▶ Exercise directions: Taking the line with "Immunohistochemical staining of human liver" as the first and the line with "Western blot analysis" as the last, set down the lines below exactly, pictures excluded.

▶ Dataset excerpts:
----

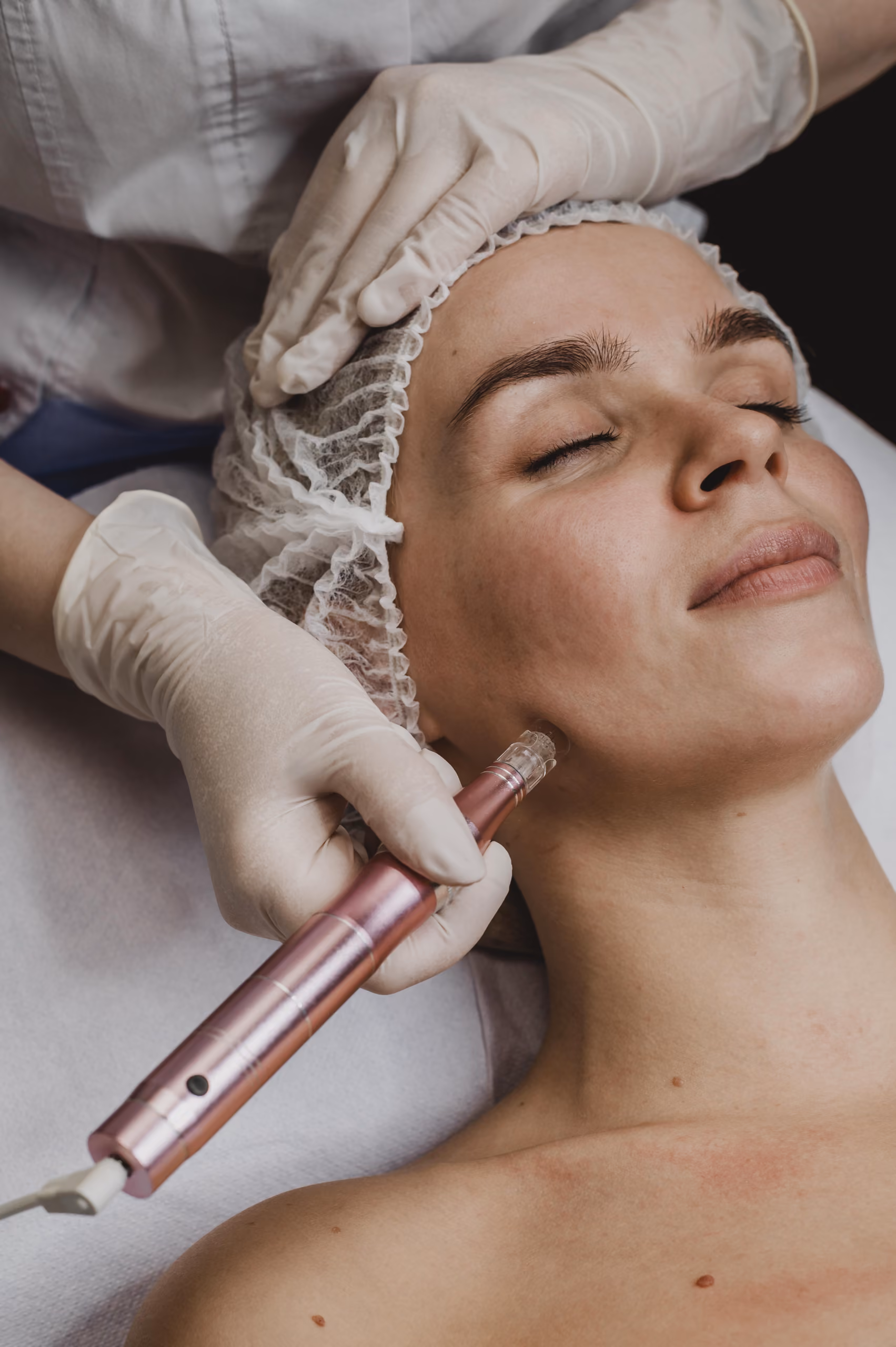 Dermal filler treatment being performed at Unify Care in Redlands.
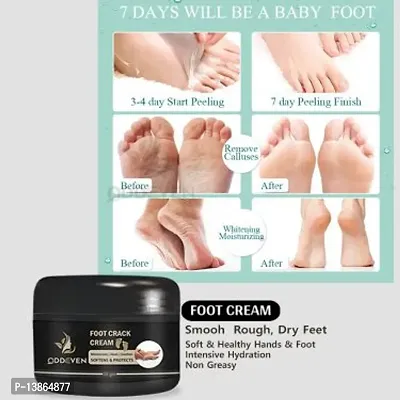 Foot Care Cream For Rough, Dry And Cracked Heel (50Gm) For Man And Woman.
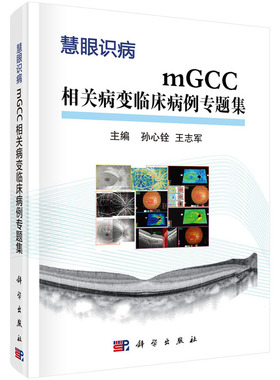 mGCC相关病变临床病例专题集  孙心铨 王志军 眼科学临床病例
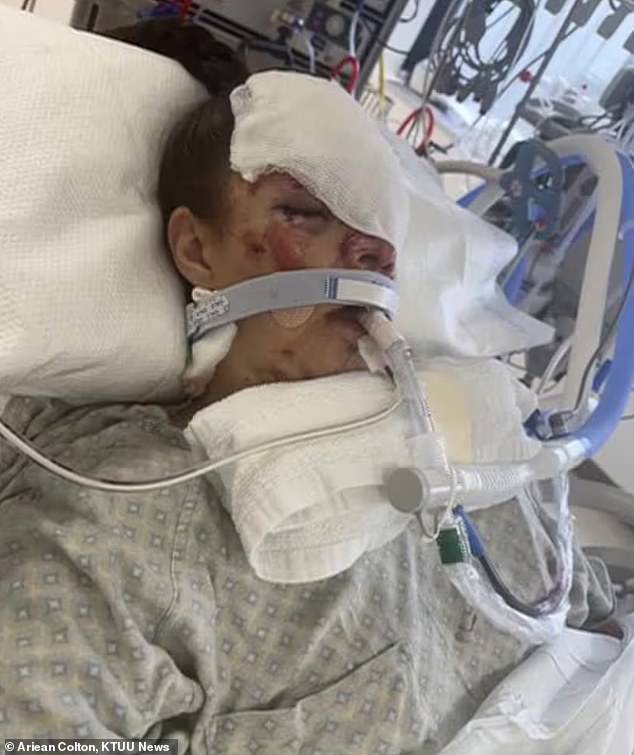 Kenai Mother Reveals Full Severity of Bear Attack Injuries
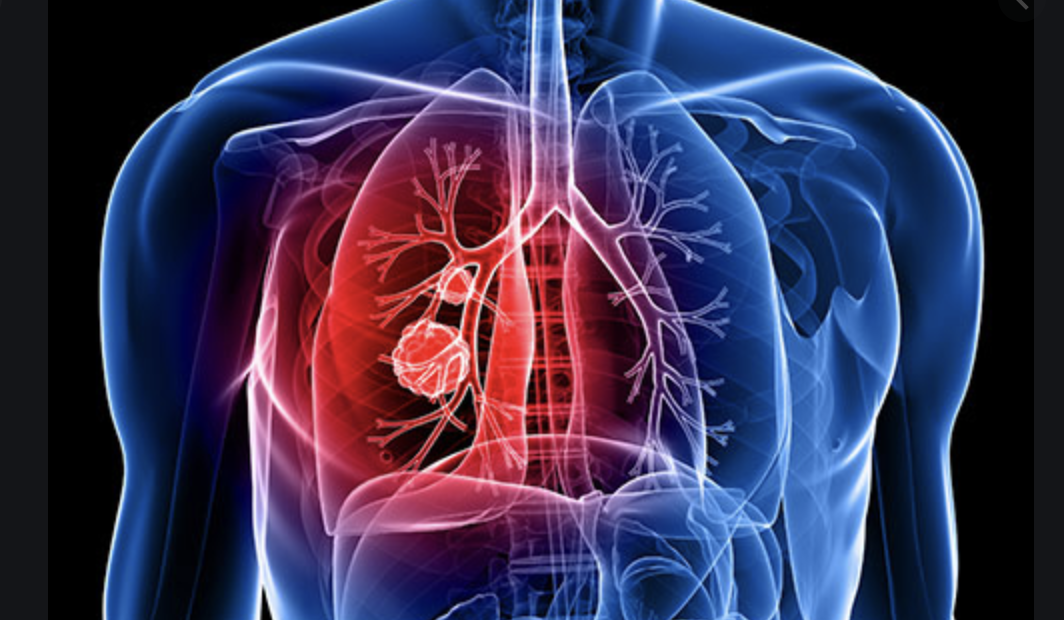 Health Panel Expands Lung Cancer Screening For More Smokers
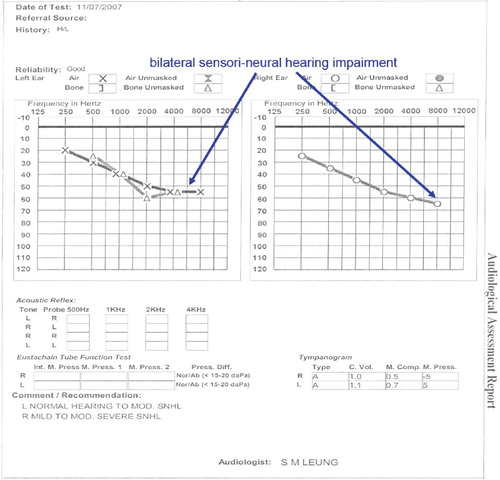 Figure 3. Audiogram of Patient 1 showing bilateral sensori-neural hearing loss.
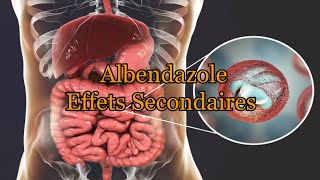 Effets secondaires Albendazole [upl. by Issirk870]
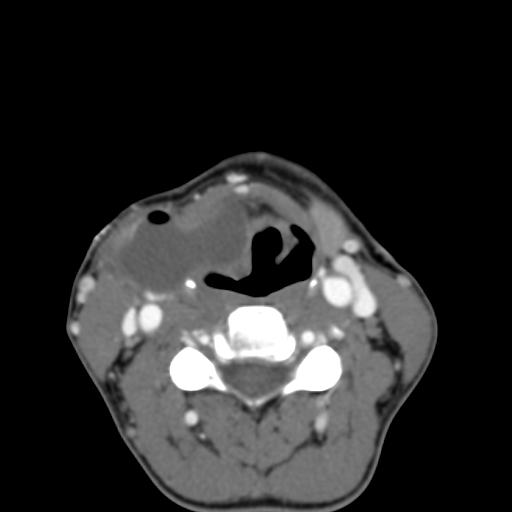 Second branchial cleft Cyst. - NeuroRad911 branchial Cyst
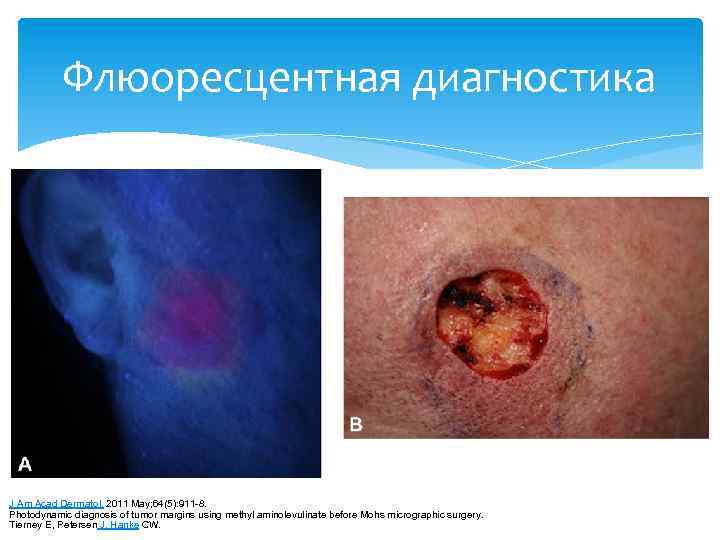 Флюоресцентная диагностика J Am Acad Dermatol. 2011 May; 64(5): 911 -8. Photodynamic diagnosis of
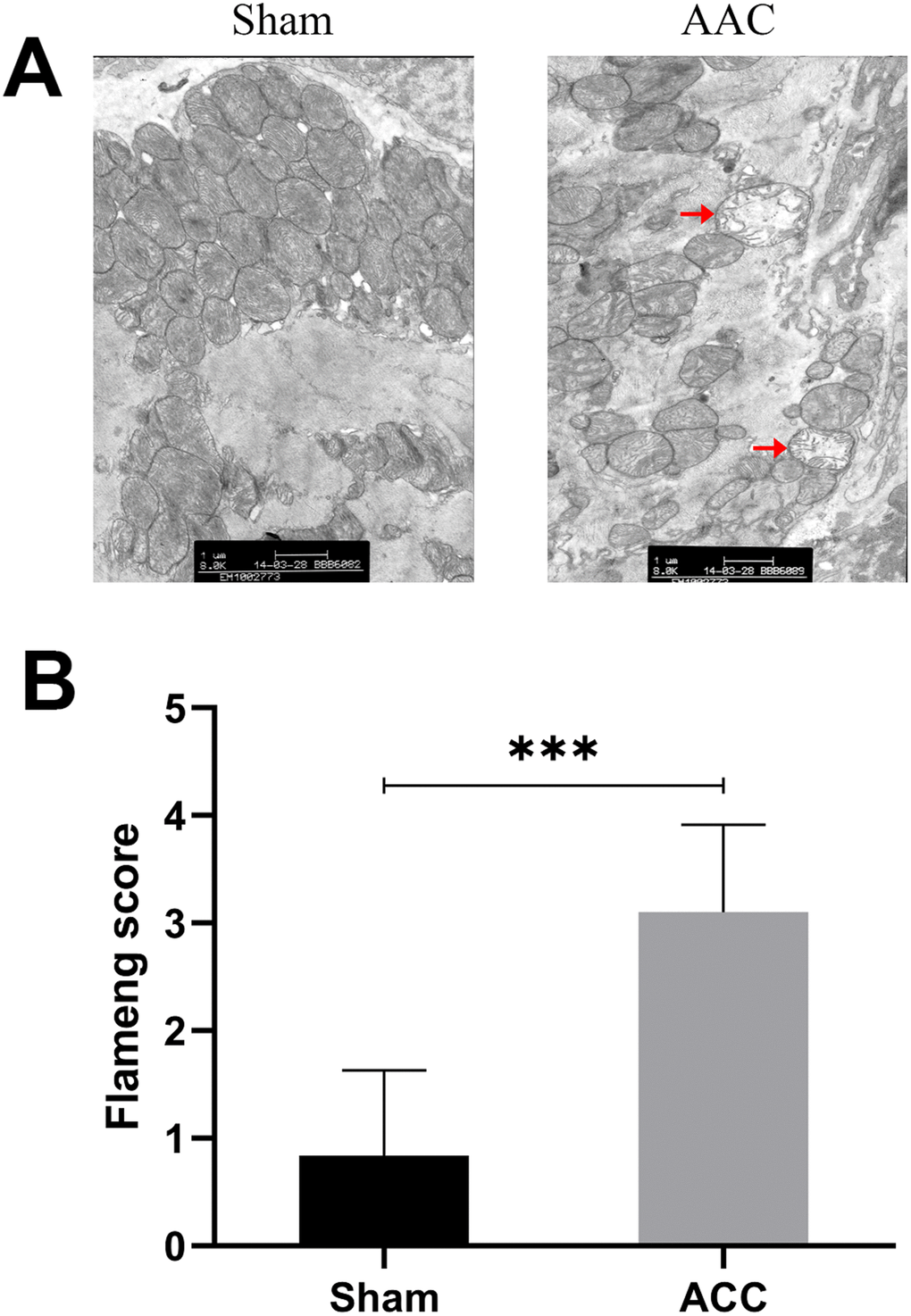 Myocardial cell ultrastructure. In sham group myocardia, mitochondrial membranes and matrix particles were typically intact, and the mitochondrial ridge was usually continuous. In AAC group myocardia, mitochondrial swelling, matrix loss, and even vacuolation were observed. The inner and outer membranes were also damaged and incomplete.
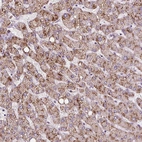 Immunohistochemical staining of human liver shows moderate granular cytoplasmic positivity in hepatocytes.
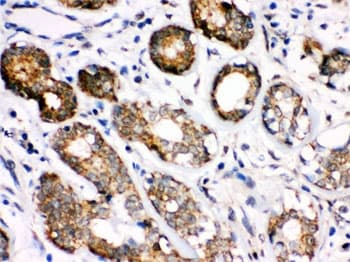 Polyclonal Rabbit anti-Human HSPA8 / HSC70 Antibody (IHC, WB)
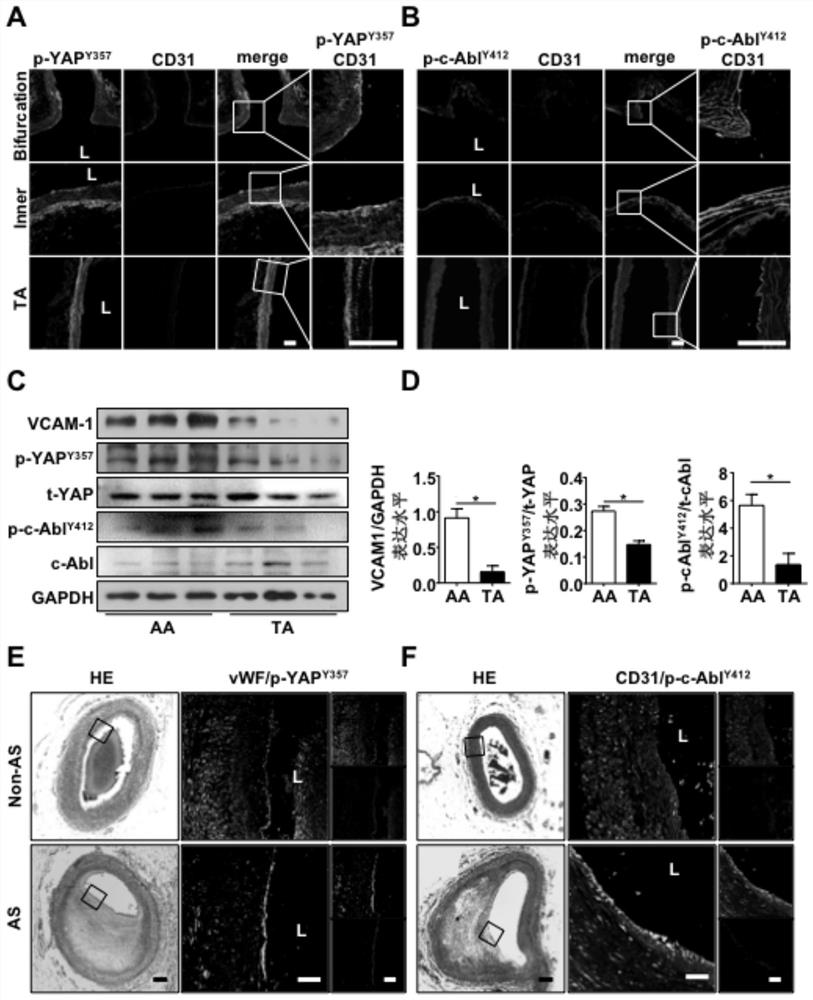 Application of substances that inhibit phosphorylation of 357th tyrosine residue of yap protein in preventing atherosclerosis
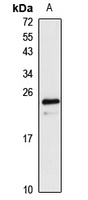 Anti-VPS29 Antibody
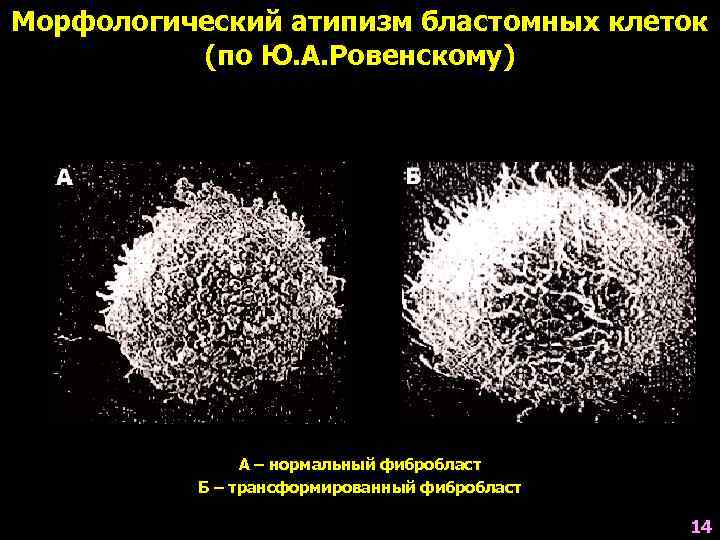 Морфологический атипизм бластомных клеток  (по Ю. А. Ровенскому)    А –
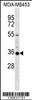 Western blot analysis in MDA-MB453 cell line lysates (35ug/lane) .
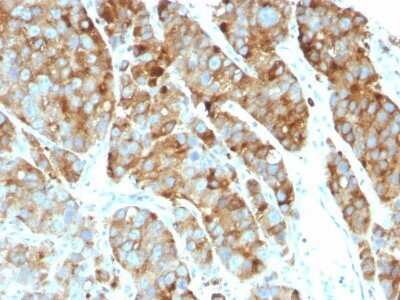 Immunohistochemistry-Paraffin: CD63 Antibody (LAMP3/968) - IHC-Prediluted [NBP2-48021] - Formalin-fixed, paraffin-embedded human Prostate Carcinoma stained with CD63 Antibody (LAMP3/968)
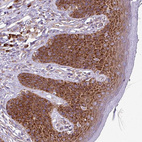 Immunohistochemical staining of human skin shows strong cytoplasmic positivity in squamous epithelial cells.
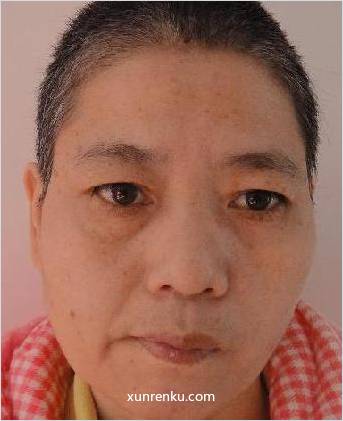 失踪人65岁(目测) 女 李花 智力残疾 在温州市救助站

----

▶ Answer:
 Immunohistochemical staining of human liver shows moderate granular cytoplasmic positivity in hepatocytes.
 Polyclonal Rabbit anti-Human HSPA8 / HSC70 Antibody (IHC, WB)
 Application of substances that inhibit phosphorylation of 357th tyrosine residue of yap protein in preventing atherosclerosis
 Anti-VPS29 Antibody
 Морфологический атипизм бластомных клеток  (по Ю. А. Ровенскому)    А –
 Western blot analysis in MDA-MB453 cell line lysates (35ug/lane) .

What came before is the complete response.